Your answer must be the lines from the one containing "Gerardo Grande Quartet" through the last line below, copied exactly, with no pictures.

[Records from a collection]
# # #

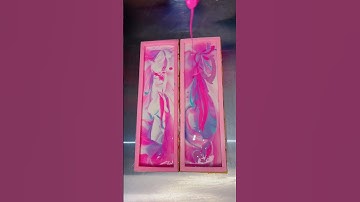 I Made Soap with FROSTING! 🦋 #soapmaker #soap #soaping #soapmaking #dessertsoap #soapmakers #soaps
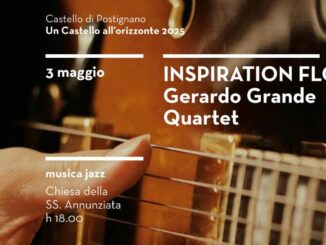 Gerardo Grande Quartet in"Inspiration Flow" a Postignano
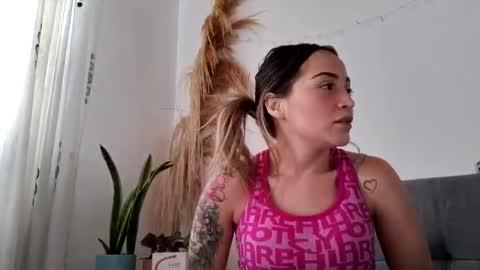 Ciindy Lovers online show from January 2025 02:24:02 PM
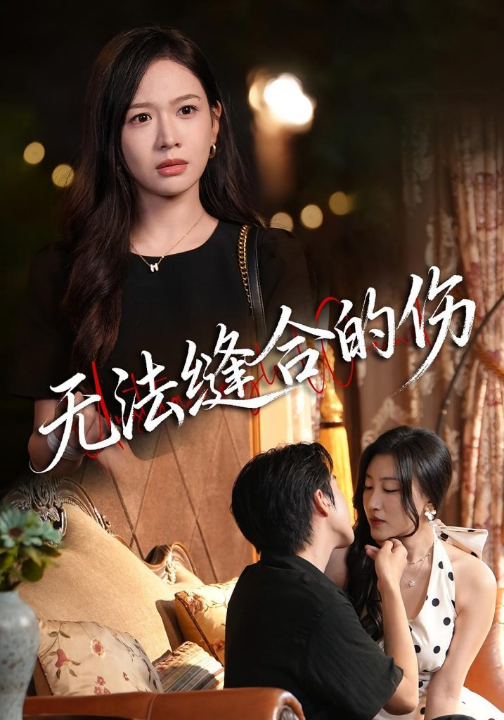 无法缝合的伤（45集）王琳惠&天天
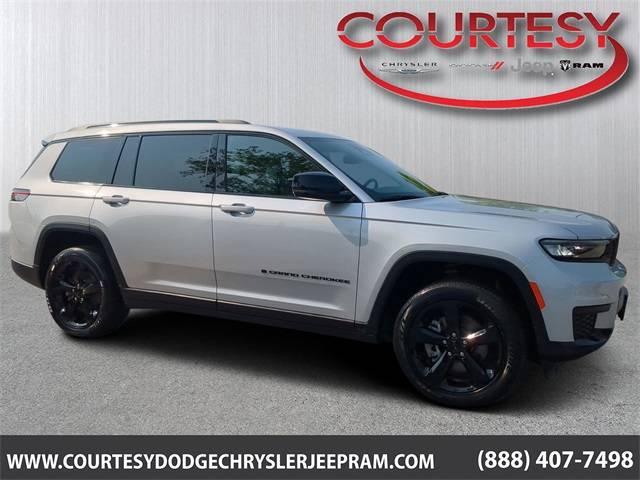 2023 Jeep Grand Cherokee Altitude — SUV — 22,770 mi — Stonecrest, GA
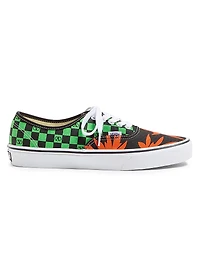 Valentino Garavani and Vans Men's Low-Top Sneakers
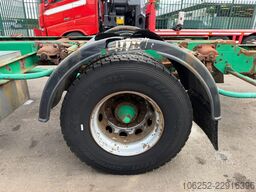 Scania T 113H-320 TORPEDO 4x2 CHASSIS CABINE - STEEL S...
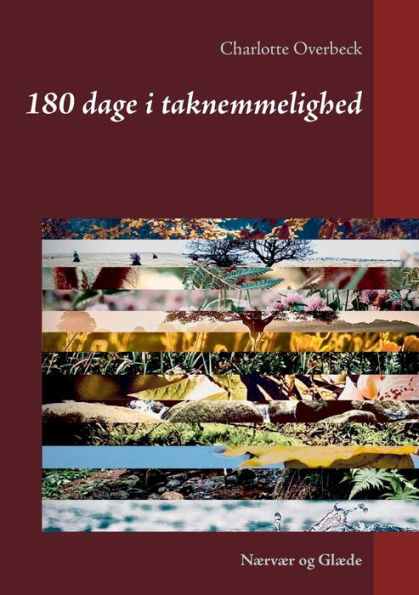 180 dage i taknemmelighed: Nærvær og Glæde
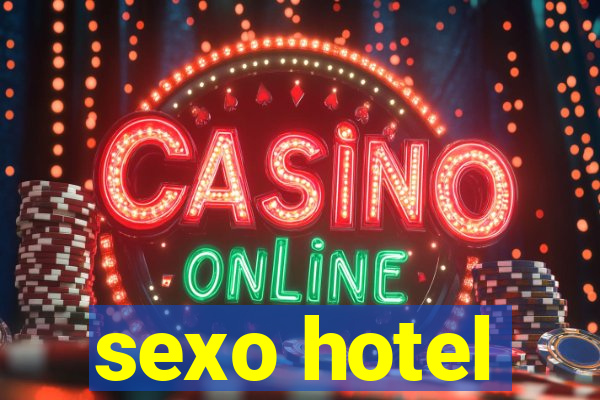 sexo hotel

# # #

● RESPONSE BOX:
 Gerardo Grande Quartet in"Inspiration Flow" a Postignano
 Ciindy Lovers online show from January 2025 02:24:02 PM
 无法缝合的伤（45集）王琳惠&天天
 2023 Jeep Grand Cherokee Altitude — SUV — 22,770 mi — Stonecrest, GA
 Valentino Garavani and Vans Men's Low-Top Sneakers
 Scania T 113H-320 TORPEDO 4x2 CHASSIS CABINE - STEEL S...
 180 dage i taknemmelighed: Nærvær og Glæde
 sexo hotel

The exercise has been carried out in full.